Toby Sullivan Bibliography pubs/history.com
Pub Culture
The history of pub culture in London is one that mirrors the more traditional
political, social, and economic history of the city. At the same time though,
the pub and historical variants thereof, have been an escape from the day to day
drudgery of life in London. For though the structures and names have changed
over time, there has always been a fundamental need to get roaring drunk with
one’s mates. From the sloshed ancient Romans to the pissed Victorian laborers
and all the drunks along the way, Londoners have fine tuned a unique cultural
movement around alcohol and the places that dispense it. A people need somewhere
to turn to celebrate the good and forget the bad, some are desperate enough to
turn to family or church, but others manage to get on with there lives after a
pint or ten at the local. There were the heady days of ale and the dark days of
the well lit gin palaces. In the noble pursuit of alcoholism, the London
citizenry managed to stave off assaults by the party pooping puritans, the
boring bourgeois, and the deadening duties. A mere history cannot express the
profound importance of pub culture. No, nothing less than a pre-history will do.
There cannot be anything more disappointing than being forced to leave a land
of sun, enlightenment, and peace, for a land of rain, gray, rain, and mortal
danger. If you were unlucky enough to be a Roman soldier garrisoned in
Londunium, then that was your reality. One can hardly blame these poor Italian
imperialists, for wanting to transplant a bit of Roman merriment to there dismal
posting. This took the form of the tabernae. In the spirit of Spanish tapas, the
tabernae provided wine and a bit of food for nibbling. These tabernae would
later be reincarnated as taverns for the Elizabethan gentleman drinker. Neon
shamrock technology was still a far way off, so the tabernae attracted drinkers
with a subtle bit of grape vine.
The real British drink was ale and the real British drinking establishment was
the creatively named “alehouse”. Long before there was a united kingdom, there
was a disunited one of villages and loose alliances. Locals that got the hang of
brewing sold to their neighbors and central locations for drinking sprung up
around these houses. Ale was passed around in communal containers. It was in
these ale houses that neighbors bonded through mutual swilling of spit and ale.
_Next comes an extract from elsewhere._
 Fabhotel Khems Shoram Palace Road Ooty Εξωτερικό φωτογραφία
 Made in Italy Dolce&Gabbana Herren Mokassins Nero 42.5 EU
To ensure fare servings of the mixture, there were pegs in the containers that
marked where each drinker could drink down to. The naughty few that drank more
than there fair share, “took the next person down a peg or two”. This gave rise
to other quaint expressions such as “I’ll beat you bloody senseless” . The
glorious history of government sticking its stuck up nose where it doesn’t
belong, began during this time period in the 7th century, when Kent’s King
Ethelbert capped how many people were allowed to sell ale. Some historians
(mainly myself), believe that if his mother had named him John, then he wouldn’t
have such a big chip on his shoulder.
By the time the middle ages rolled around ale was the preferred and safest form
of refreshment. Water was best left for the oxen after all that was where most
of their dung ended up. Most people at one time or another, have after a
particularly long and potent session at the pub, just wanted to curl up and go
to sleep right there. For these people there was the invention of the inn.  In
the spirit of the crusades and the papal city of Rome, the fad of religious
pilgrimage hit the British Isles like a ton of bricks, a ton of thirsty bricks.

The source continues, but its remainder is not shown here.